Quite honestly, it feels foreign to be the care receiver instead of the care giver. As early childhood educators, we serve others and anticipate their needs. We are delighted at others growth and we happily eat the bread crumbs left after cutting our kids sandwiches into cute shapes. It’s not that we are servants or serfs because we knowingly went to college to do this work. Despite the lower pay and the longer hours, we felt called to be in this field of working with the youngest children. We understand child development and know that toilet training is as important as any other skill or ability that children will acquire. We show up and do the important work because we know that we are building the foundation….but when co-workers or administrators treat us as servants or serfs then bristly conversations occur.

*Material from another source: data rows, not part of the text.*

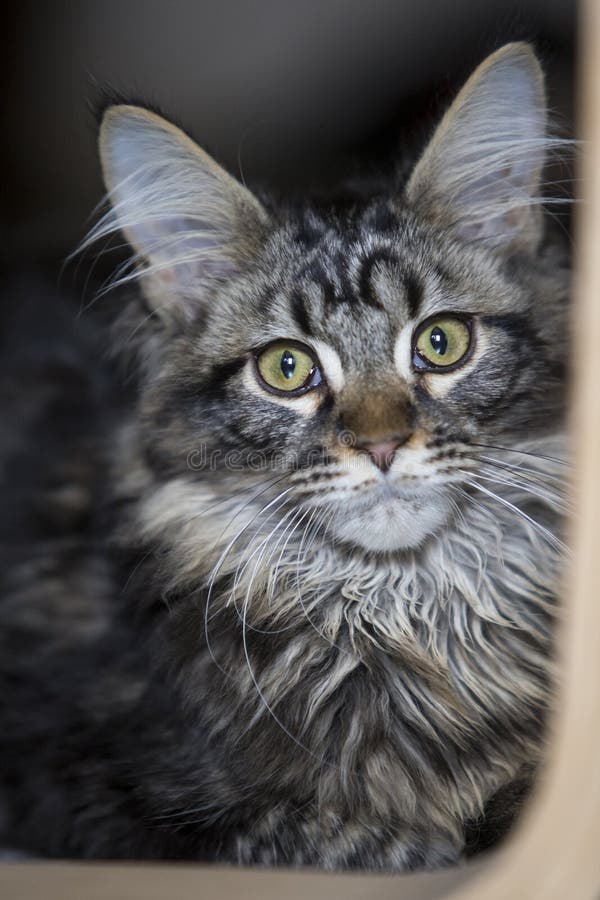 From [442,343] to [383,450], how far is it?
8.1 inches

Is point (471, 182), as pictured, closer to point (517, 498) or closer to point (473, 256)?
point (473, 256)

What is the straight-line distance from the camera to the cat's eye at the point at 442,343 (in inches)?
48.2

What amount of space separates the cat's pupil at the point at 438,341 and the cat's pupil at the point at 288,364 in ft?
0.65

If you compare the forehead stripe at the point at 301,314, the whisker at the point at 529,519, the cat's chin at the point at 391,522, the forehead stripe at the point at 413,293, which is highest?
the forehead stripe at the point at 413,293

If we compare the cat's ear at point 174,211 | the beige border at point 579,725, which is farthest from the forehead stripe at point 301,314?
the beige border at point 579,725

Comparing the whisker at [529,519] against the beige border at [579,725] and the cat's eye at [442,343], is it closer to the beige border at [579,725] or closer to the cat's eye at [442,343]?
the cat's eye at [442,343]

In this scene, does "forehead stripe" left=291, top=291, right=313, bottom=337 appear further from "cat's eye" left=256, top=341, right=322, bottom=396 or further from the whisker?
the whisker

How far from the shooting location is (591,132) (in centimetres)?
80

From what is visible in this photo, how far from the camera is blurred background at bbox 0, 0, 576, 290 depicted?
134 centimetres

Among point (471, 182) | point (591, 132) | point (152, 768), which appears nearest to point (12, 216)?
point (471, 182)

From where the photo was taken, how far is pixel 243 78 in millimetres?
1905

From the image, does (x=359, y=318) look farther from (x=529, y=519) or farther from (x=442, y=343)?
(x=529, y=519)

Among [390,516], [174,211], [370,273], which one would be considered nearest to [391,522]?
[390,516]

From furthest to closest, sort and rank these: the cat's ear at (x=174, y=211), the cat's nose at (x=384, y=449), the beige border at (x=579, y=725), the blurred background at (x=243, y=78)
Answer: the blurred background at (x=243, y=78) < the cat's ear at (x=174, y=211) < the cat's nose at (x=384, y=449) < the beige border at (x=579, y=725)
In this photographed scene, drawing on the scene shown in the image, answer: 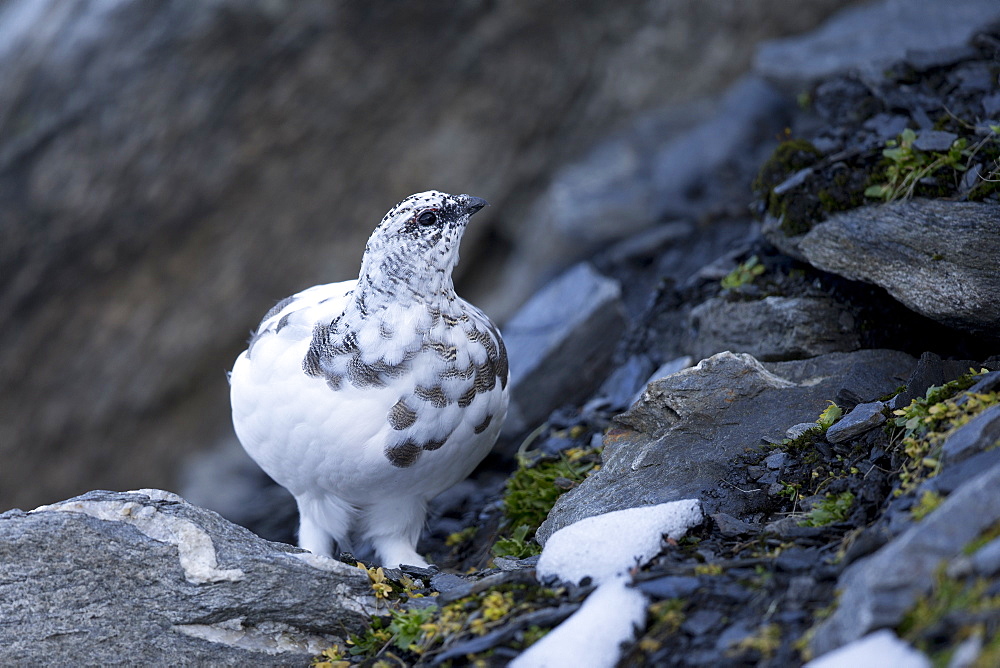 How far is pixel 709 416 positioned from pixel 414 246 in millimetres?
1467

As early childhood educators we have taken on some difficult roles and some that we weren’t quite prepared for:

Difficult phone calls to report concerns to the Child Development Division leave me breathless and shaken. When I began teaching we didn’t have the role of mandated reporter, yet that is part of the job now. Of course we want to ensure the safety of the children, but it’s overwhelming when we see the affects on children from families that are living with adversity.

When I reflect on the honor of holding a mother’s hand as she navigates the system to get her children’s needs met, it is with a responsibility to use my voice to show how the silos are broken to those in charge.

Weathering the storms at school with children with explosive behaviors helped me to realize the deep impact to children when their families are battling addiction or other adversities. Behavior is communication and that we need to help understand what the child is telling us, which is hard to do when we don’t feel like there is a system of support for either the child or staff member.

Though I have read hundreds of books and have tried to synthesize theory to practice, it was not until I was in the classroom and in the thick of it that I realized the enormity of the role that we have assigned to early childhood educators.

At this point in my career, I realize that it takes courage for me to step outside of my comfort zone and push for the changes that I see need to be made in order for children in our community to flourish. I realize that I do have a strong voice for children with years of experience in both public and private programs. Despite my hesitancy and reluctance to become an advocate for children, I can no longer to turn a blind eye to systems, policies, or people that are failing our children.

So I will continue on working to know myself, and more importantly, I will keep showing up and keep having heartfelt conversations. I know the strength of celebrating our differences, being respectful, and kind is the way that we create the classrooms and neighborhoods that we want to live in. Yet, there is an urgency in our work to advocate for what we know our children need.

I acknowledge that this seat at the table is meant for me. And good news, there is space for you too! Pass the chocolate…we’ve got some hard work to do!